WORK ORDER: Below are records with pictures in them. Transcribe everything from the line containing "MEDMxEVA NEVER END" down to the line containing "Tamaris Skórzane sandały", exactly, and leave the pictures behind.

++++++++++

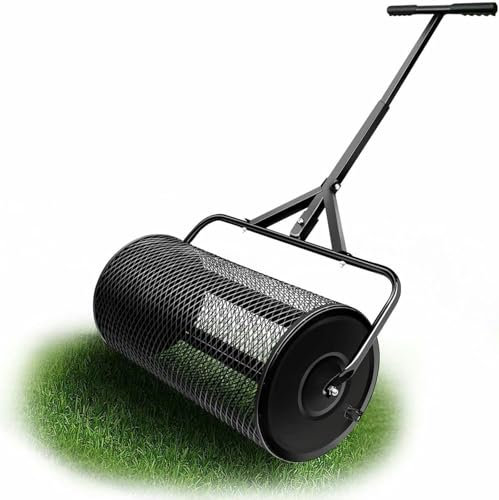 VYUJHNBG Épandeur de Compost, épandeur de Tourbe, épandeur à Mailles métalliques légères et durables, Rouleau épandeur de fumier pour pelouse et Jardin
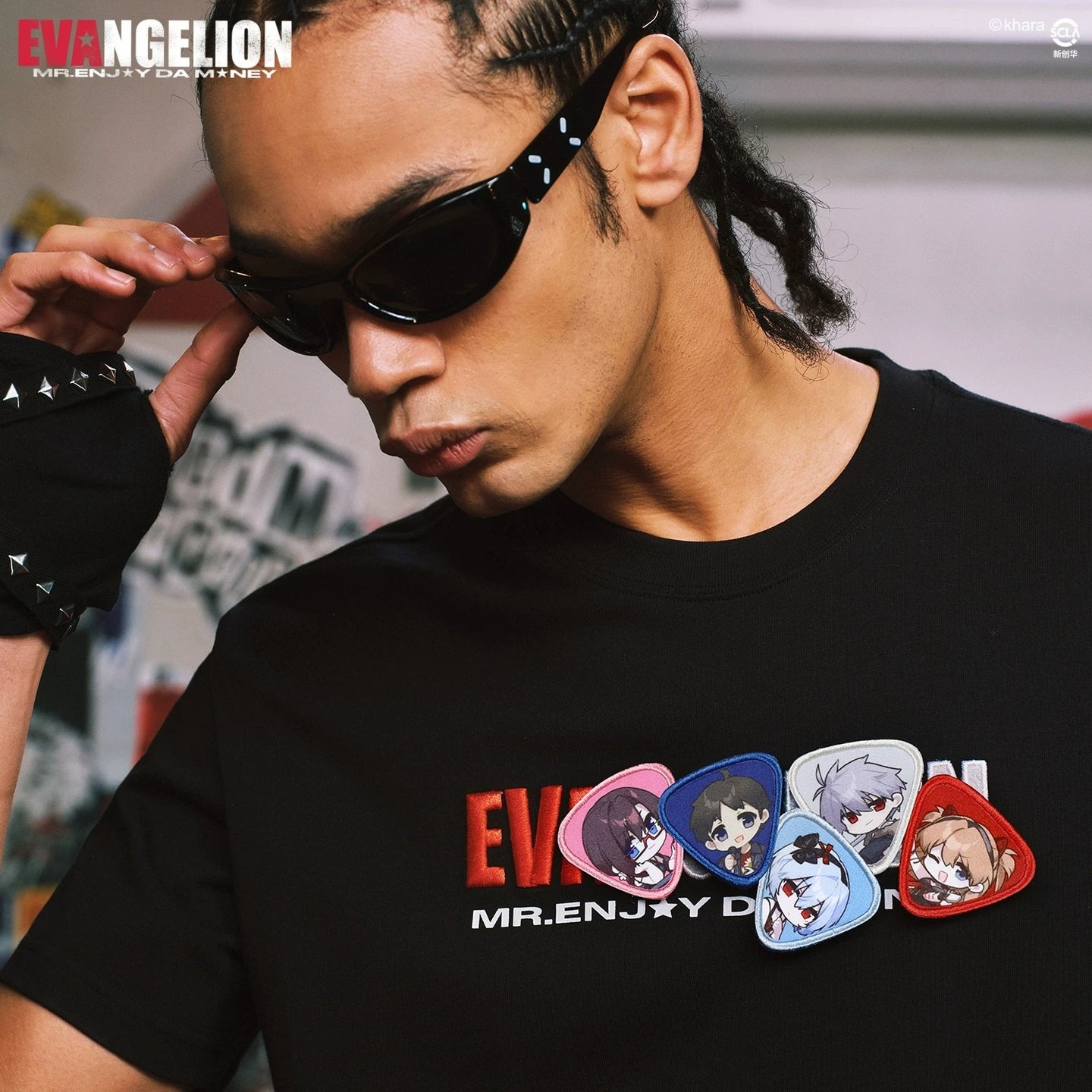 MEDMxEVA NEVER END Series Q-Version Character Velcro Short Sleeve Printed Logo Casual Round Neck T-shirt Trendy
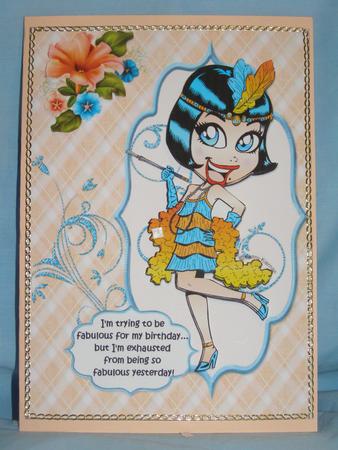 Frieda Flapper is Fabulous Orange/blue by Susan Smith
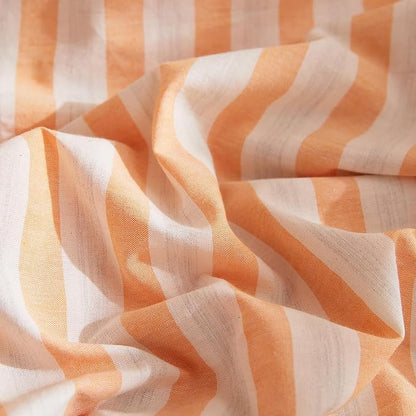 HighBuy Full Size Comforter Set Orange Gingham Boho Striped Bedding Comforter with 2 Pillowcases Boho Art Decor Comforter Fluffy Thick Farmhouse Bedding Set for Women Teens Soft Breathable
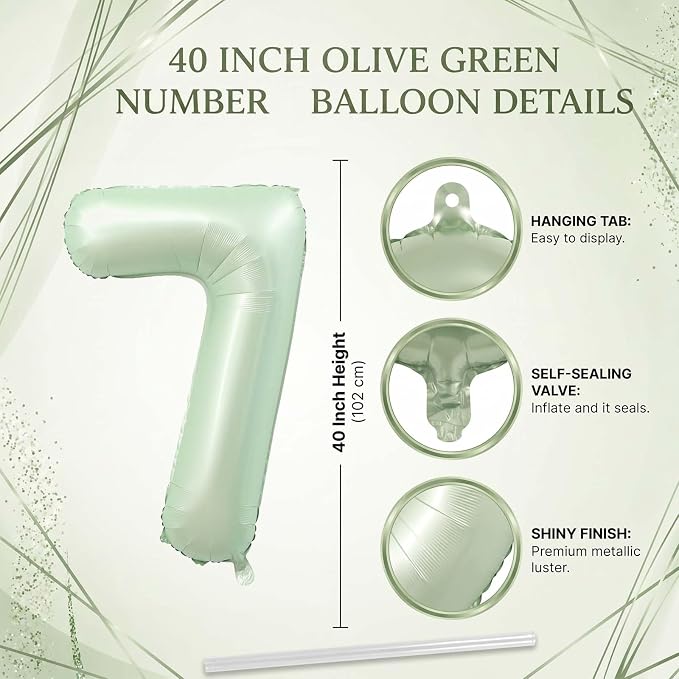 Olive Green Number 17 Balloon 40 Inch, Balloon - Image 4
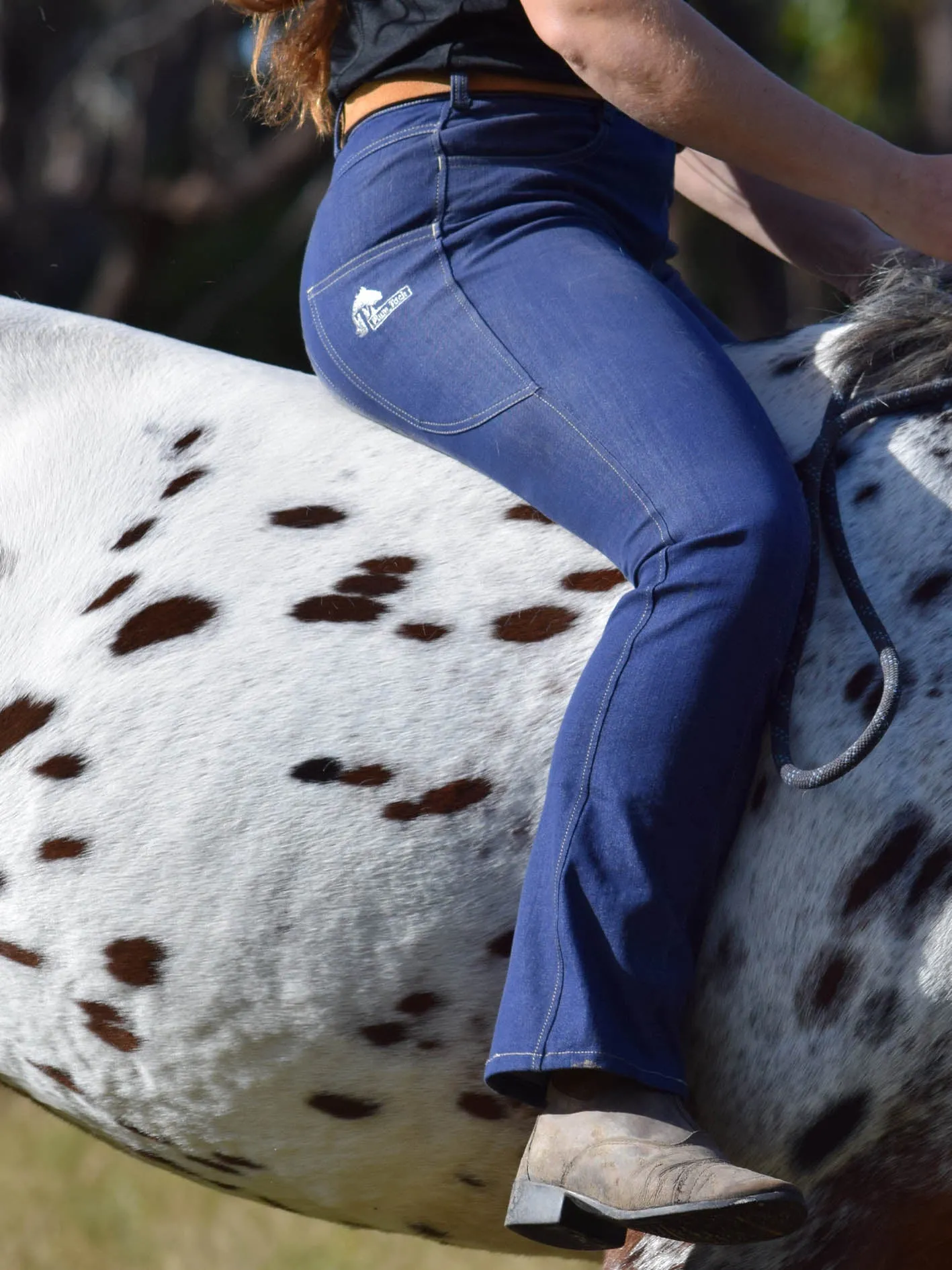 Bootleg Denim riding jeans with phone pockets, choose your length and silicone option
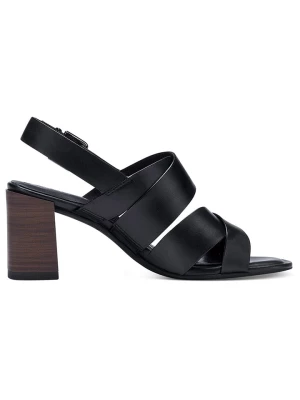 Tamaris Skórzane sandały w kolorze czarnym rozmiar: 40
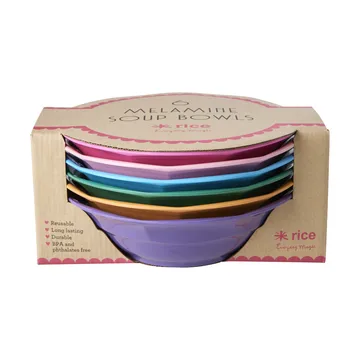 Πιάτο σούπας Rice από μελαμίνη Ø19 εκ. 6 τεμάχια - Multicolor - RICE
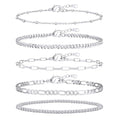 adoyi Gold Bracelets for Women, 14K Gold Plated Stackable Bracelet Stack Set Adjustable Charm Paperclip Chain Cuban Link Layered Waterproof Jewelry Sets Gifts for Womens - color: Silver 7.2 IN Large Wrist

++++++++++

WRITTEN SOLUTION:
 MEDMxEVA NEVER END Series Q-Version Character Velcro Short Sleeve Printed Logo Casual Round Neck T-shirt Trendy
 Frieda Flapper is Fabulous Orange/blue by Susan Smith
 HighBuy Full Size Comforter Set Orange Gingham Boho Striped Bedding Comforter with 2 Pillowcases Boho Art Decor Comforter Fluffy Thick Farmhouse Bedding Set for Women Teens Soft Breathable
 Olive Green Number 17 Balloon 40 Inch, Balloon - Image 4
 Bootleg Denim riding jeans with phone pockets, choose your length and silicone option
 Tamaris Skórzane sandały w kolorze czarnym rozmiar: 40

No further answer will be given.